人生地不熟的,想要查事情確實是有些困難。兩人找了一家客棧安頓下來,方信問道:“公子有什麼打算?”

謝安瀾道:“我想看看那些衙役的屍體,還有那些出事的地方。”

方信道:“這個時候,屍體應該在義莊裡。不過如今這天氣,也有可能已經燒燬了。至於出事的地方,打探起來應該不難,不過公子若是屍體下查,就要避開衙門的人,只怕還是要等到晚些時候。”

謝安瀾也只得嘆了口氣道:“方纔那些人說,那些官差都是被一刀斃命,你能做到麼?”

方信道:“承天府的衙役雖然身手都一般,但是如果只有我一個人的話,應該是做不到的。”

“自然不是一個人。”謝安瀾道,“陸離身邊跟着的人,身手雖然比不上你,但是也不算差。如果只有一個人的話,即便是你只怕也未必能討到好。”不僅是因爲陸英的身手和衙門的衙役相助,最重要的是,陸離本身就是個大殺器。有陸英牽制來人的話,死的是誰還好說。

方信道:“如果是多個人的話,確實是有可能。這些人身手應該都不差,訓練有素。絕不是一般的烏合之衆能比。”

謝安瀾想了想,道:“先去義莊。”

義莊並不在城內,而是在古塘縣成外五里處的一個有些破敗的小院子。只是出了這樣的大事,此時義莊外面也守着不少衙門的官場。這樣的事情自然攔不住謝安瀾,即便是大白天。將放心留在外面策應,謝安瀾找了個無人的死角,動作靈巧敏捷的攀上牆頭轉眼間消失在了牆頭上。

方信躲在不遠處的一顆大樹後面,看着謝安瀾消失的身影,心裡難得的對這個新主子多了幾分好奇。這個少年看上去不過十六七歲的模樣,孤身一人無父無母,卻能和曾經的東陵首富穆大公子稱兄道弟。雖然穆家捐獻了家產之後只怕算不上是東陵首富了,但是瘦死的駱駝比馬大,何況穆家只是捐出了一半的家產呢。剩下的依然足夠讓無數人垂涎不已。

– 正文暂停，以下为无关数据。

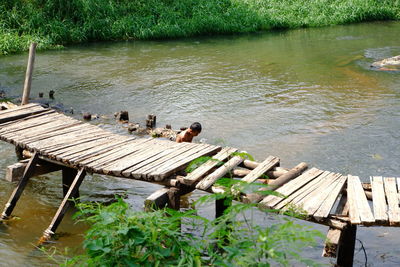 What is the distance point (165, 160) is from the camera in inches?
262

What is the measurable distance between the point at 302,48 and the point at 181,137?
13467mm

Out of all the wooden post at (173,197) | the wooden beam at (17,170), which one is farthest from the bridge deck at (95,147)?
the wooden beam at (17,170)

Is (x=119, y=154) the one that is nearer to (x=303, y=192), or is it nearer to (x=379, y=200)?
(x=303, y=192)

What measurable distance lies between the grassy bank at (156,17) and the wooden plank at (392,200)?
648 inches

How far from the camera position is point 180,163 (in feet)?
21.2

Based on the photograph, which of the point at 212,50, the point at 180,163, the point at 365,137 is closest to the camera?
the point at 180,163

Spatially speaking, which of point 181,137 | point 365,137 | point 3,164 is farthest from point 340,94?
point 3,164

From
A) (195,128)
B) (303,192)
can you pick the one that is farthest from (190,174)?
(195,128)

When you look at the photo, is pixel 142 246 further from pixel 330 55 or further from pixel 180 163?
pixel 330 55

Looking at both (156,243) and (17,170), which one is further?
(17,170)

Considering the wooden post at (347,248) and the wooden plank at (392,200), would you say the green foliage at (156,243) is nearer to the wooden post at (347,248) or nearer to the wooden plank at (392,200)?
the wooden plank at (392,200)

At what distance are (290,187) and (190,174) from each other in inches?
45.1

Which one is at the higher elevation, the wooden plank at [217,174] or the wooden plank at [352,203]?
the wooden plank at [217,174]

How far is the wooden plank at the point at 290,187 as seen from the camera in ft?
18.5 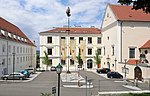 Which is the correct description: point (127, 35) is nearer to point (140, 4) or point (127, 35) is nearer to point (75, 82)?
point (75, 82)

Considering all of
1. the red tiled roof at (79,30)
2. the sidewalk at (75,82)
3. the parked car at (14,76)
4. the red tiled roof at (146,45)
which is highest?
the red tiled roof at (79,30)

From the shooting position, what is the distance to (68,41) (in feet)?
230

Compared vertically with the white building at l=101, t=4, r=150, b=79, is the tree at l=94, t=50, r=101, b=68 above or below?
below

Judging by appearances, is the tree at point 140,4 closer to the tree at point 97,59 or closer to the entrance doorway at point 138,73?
the entrance doorway at point 138,73

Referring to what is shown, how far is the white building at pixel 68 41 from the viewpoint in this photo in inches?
2731

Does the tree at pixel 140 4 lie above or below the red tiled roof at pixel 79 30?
below

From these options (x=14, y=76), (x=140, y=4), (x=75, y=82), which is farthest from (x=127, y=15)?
(x=140, y=4)

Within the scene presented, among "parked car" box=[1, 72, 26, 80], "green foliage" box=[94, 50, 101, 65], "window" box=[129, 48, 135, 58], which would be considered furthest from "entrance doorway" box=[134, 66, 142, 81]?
"green foliage" box=[94, 50, 101, 65]

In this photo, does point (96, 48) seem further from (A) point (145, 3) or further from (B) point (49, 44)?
(A) point (145, 3)

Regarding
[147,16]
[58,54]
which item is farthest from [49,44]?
[147,16]

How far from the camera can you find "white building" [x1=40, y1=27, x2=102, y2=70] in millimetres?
69375

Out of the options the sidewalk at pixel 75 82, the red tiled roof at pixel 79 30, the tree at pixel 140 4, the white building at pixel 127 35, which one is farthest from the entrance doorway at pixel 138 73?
the red tiled roof at pixel 79 30

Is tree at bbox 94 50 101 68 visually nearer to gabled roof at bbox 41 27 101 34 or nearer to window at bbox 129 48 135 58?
gabled roof at bbox 41 27 101 34

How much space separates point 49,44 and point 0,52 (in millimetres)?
25333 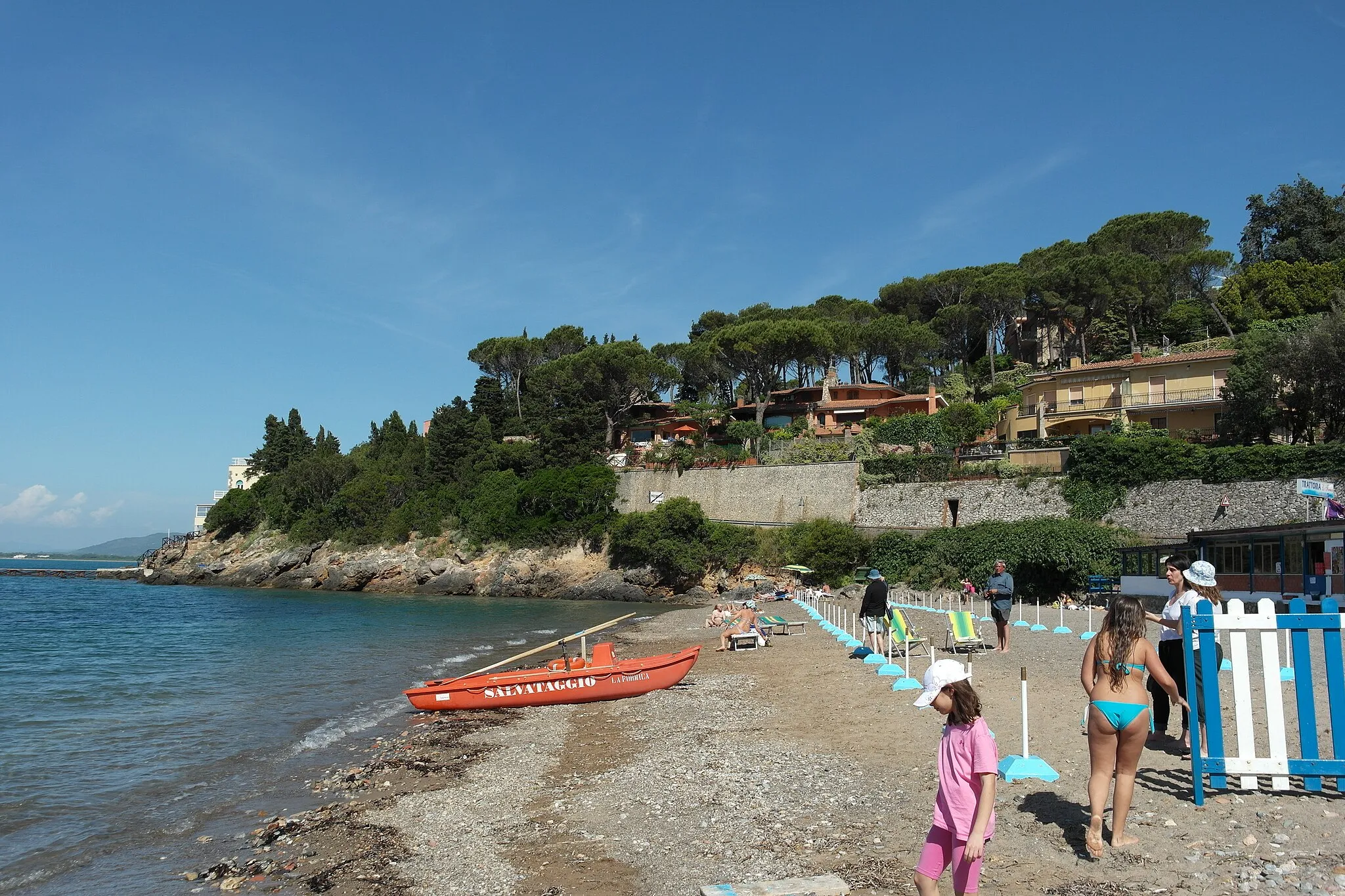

更不用說,這位少年公子還有一身不錯的身手,又和今科探花是朋友。

即便是知道身爲隨身護衛不該多問多想,方信也很難真的一點兒都不好奇。

一刻鐘後,謝安瀾神色凝重的從裡面出來了。從頭到尾當真沒有驚動半個人。

陰沉着臉找了個小溪邊將手洗了好幾遍,謝安瀾緊鎖的眉頭才漸漸鬆開。雖然才過了兩三天,但是這個季節屍體已經有些不太好的味道了。方信問道:“公子,如何了?”

謝安瀾垂眸道:“早上那人說的沒錯,確實都是一刀致命的傷痕。”

“什麼樣的傷?”方信問的有些猶豫,他不也不太確定這位公子分不分的清楚刀傷的種類。

謝安瀾卻不在意,擡手比劃了一番,道:“傷口長,而且寬。由上而下…我覺得應該是那種…類似雁翎刀的兵器,可能要略寬,略重一些。”

聞言,方信微微變色。雁翎刀一種東陵軍中的制式軍刀。但是樣式並不完全一樣,不僅是軍中各地衙門衙役的佩刀很大程度上也與雁翎刀類似。但是謝公子說得那種略寬一些的雁翎刀,卻是神武軍的士兵慣用的。

謝安瀾挑眉看他,“看來你很知道是什麼樣的?”

放心皺眉,有些艱難地道:“神武軍。”

“神武軍?”謝安瀾垂眸,“按說神武軍和京畿巡防營是歸陛下親自掌握的,陛下自然不會想要殺了陸離。陸離跟朝中的武將也沒有什麼交際,那麼…就是有能調動飛羽營的人了。駐紮在古塘的飛羽營統領是誰?”

方信低頭思索了一下道:“一年前是三品忠毅將軍郭威,只是不知道現在還不是了。”

“陸離是來巡視各地衙門的,好端端的怎麼會惹上軍中的人?”謝安瀾沉思着道。方信搖搖頭,他只能說他知道的東西,推測到底是爲什麼等等卻不是他所擅長的事情了。

好一會兒,才聽到謝安瀾問道:“你可知道飛羽營的駐地在什麼地方?”

方信微微變色,“公子該不會想是…飛羽營是精銳重兵駐守,可不是義莊這樣的地方能比的。一旦被人發現擅闖軍營,無論你有沒有理由都是死罪。”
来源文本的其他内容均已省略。